Sulle note di una musica lontana, che all’inizio ricorda il rumore di un insetto, i suoi sforzi sembrano compiersi per entrare in una fessura: qualcosa di stretto a cui però le continue fughe a lato delle braccia, sospinte verso l’alto e verso l’esterno, negano l’accesso. I tentativi di aderire a questa spaccatura invisibile iniziano spesso dalle mani: un movimento aereo che taglia l’aria ed esercita dei piccoli lanci: come se Gambardella stesse gettando sassolini leggeri che costringono il gesto a estendersi fino alle dita in uno scrollarsi generale che sembra un tentativo di liberarsi dei continui errori. Il blu del costume richiama qualcosa di marino, quasi come se l’ingresso nella fessura fosse lecito solo nel nuoto.
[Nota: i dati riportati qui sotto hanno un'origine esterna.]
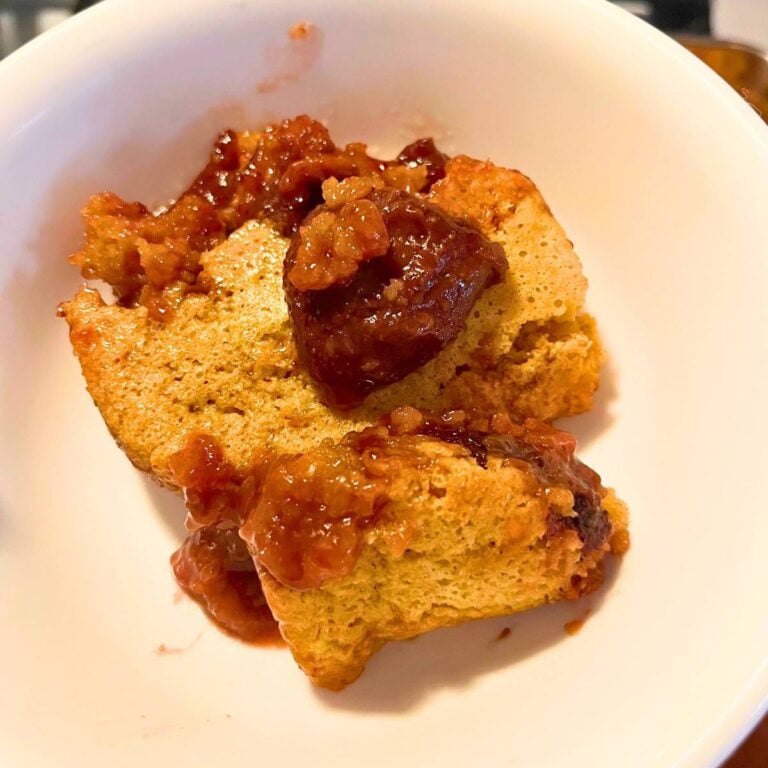 A serving of strawberry cobbler in a white bowl.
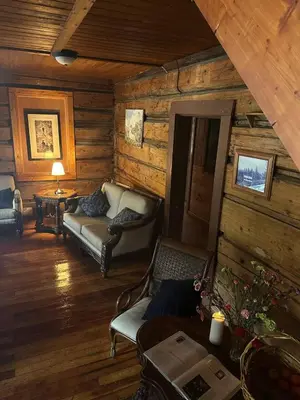 a living room of a log cabin with a couch at Rustic Beaverfoot Lodge Room N6 in Parson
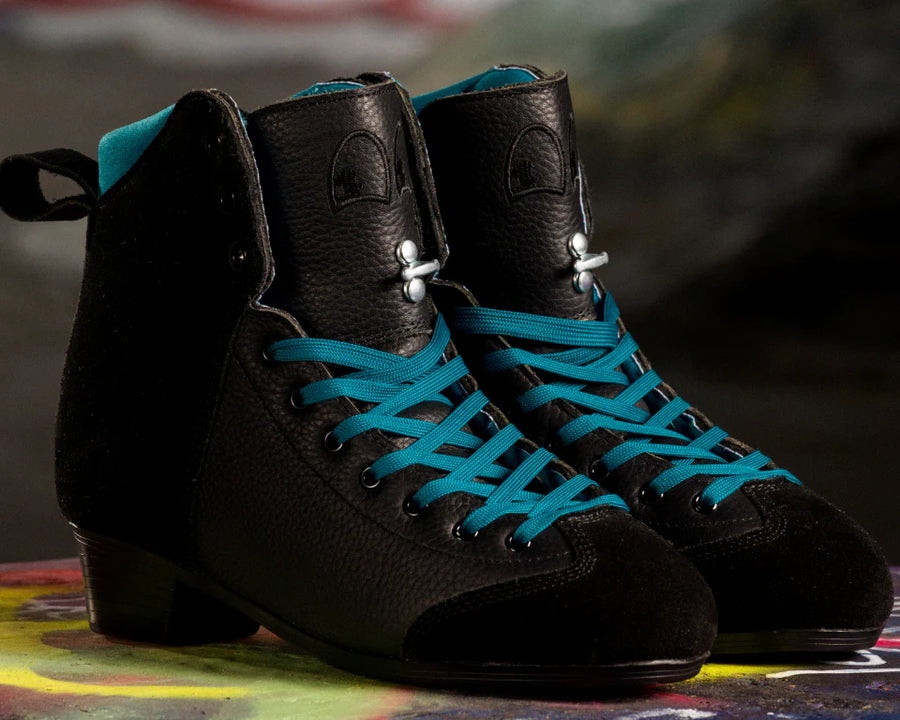 Chuffed Skates Lanna Thornhill Pro roller skate Boots are black textured leather with black suede panels across the toe and ankles. Features a teal blue lining and laces. 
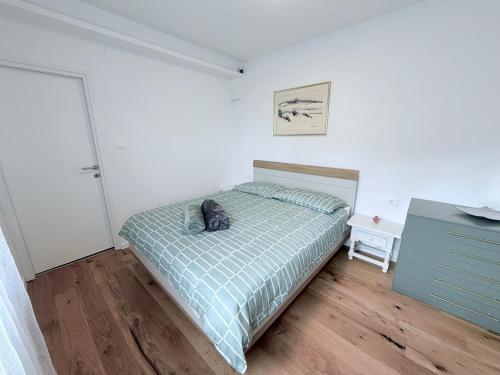 a bedroom with a cat laying on a bed at A & B apartment in Lovran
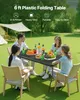 A family is enjoying a meal outdoors at a picnic table. Produktbild-Vorschau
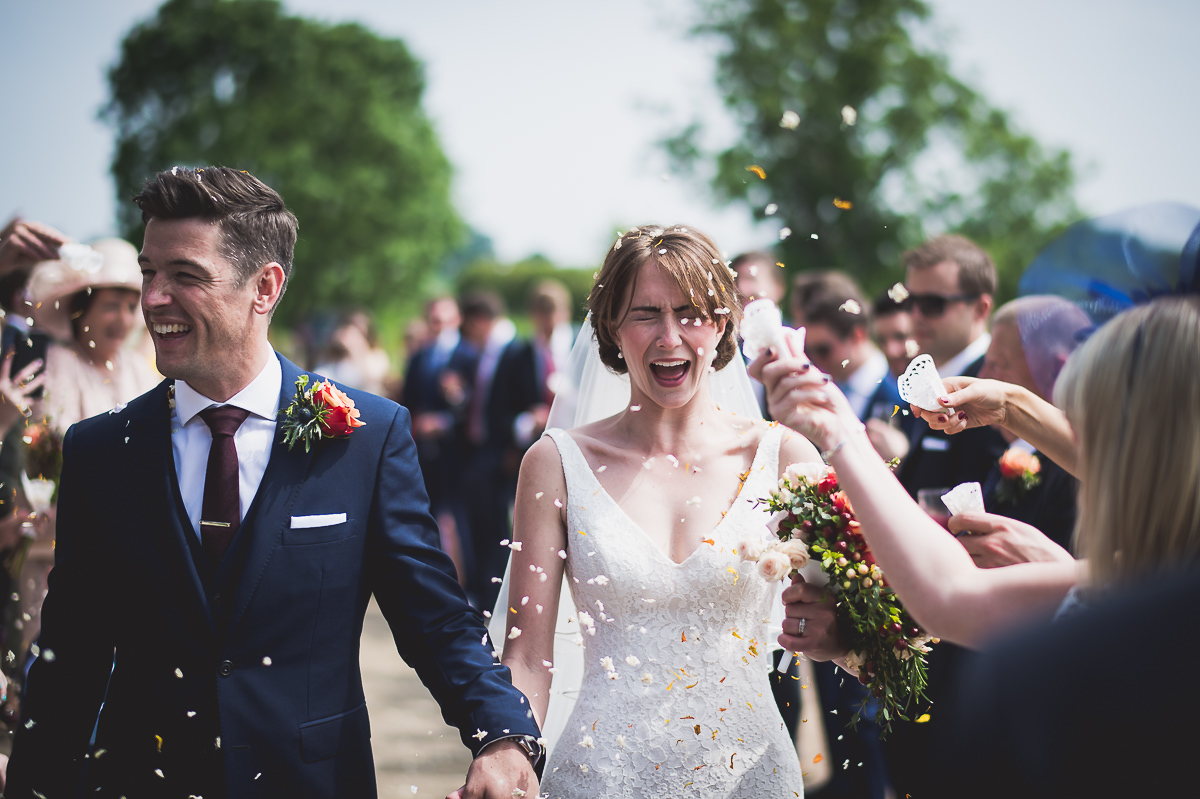 A wedding photographer captures bride and groom walking down the aisle amidst confetti.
Immergendosi e poi riemergendo, di errore in errore, Gambardella naviga in questa fessura come in un flusso interminabile, che però non risulta mai ripetitivo, in una materia liquida sempre permeabile e che sempre si rigenera. Guardandola, marina e allo stesso tempo aerea, pronta a rendersi malleabile  in ogni sua parte, sembra che la sua sensibilità vigile possa cogliere i minimi spostamenti, gli umori di ogni spettatore pur tenendosi a debita distanza.

Cosa che non accade con Idillio di Lorenzo Morandini, dove a consumarsi con la platea è un vero e proprio dialogo. Con l’indice Morandini cerca lo spettatore, gli fa segno di raggiungerlo. È un tentativo disperato di farsi accettare, di cercare compagnia. È un attimo che dura giusto il tempo in cui il desiderio dell’altro è ineludibile; poi subentra il timore e la paura di non essere preparati all’incontro: ed eccolo fermarsi col palmo aperto. Così anche la danza risente di questa “malattia” di intenzioni sdoppiate: si libera sulla musica ecclesiastica del Santo, e poi continua anche quando la musica si ferma, ma ormai in automatico. Un grido inascoltato e autonomo.

In Eigengrau di Giorgia Fusari la relazione con l’altro è la meta di un percorso complesso: le direzioni delle tre danzatrici in scena sembrano non trovare mai coincidenza. Le tre si muovono lungo delle linee rette, si colpiscono, e cercano forse di prevalere una sull’altra di fronte al pubblico. Non trovano una vera adesione finché finalmente si guardano, si toccano, si scambiano i posti in un cerchio ridotto, reso dinamico dai loro movimenti veloci. Una riconciliazione che sa di vittoria.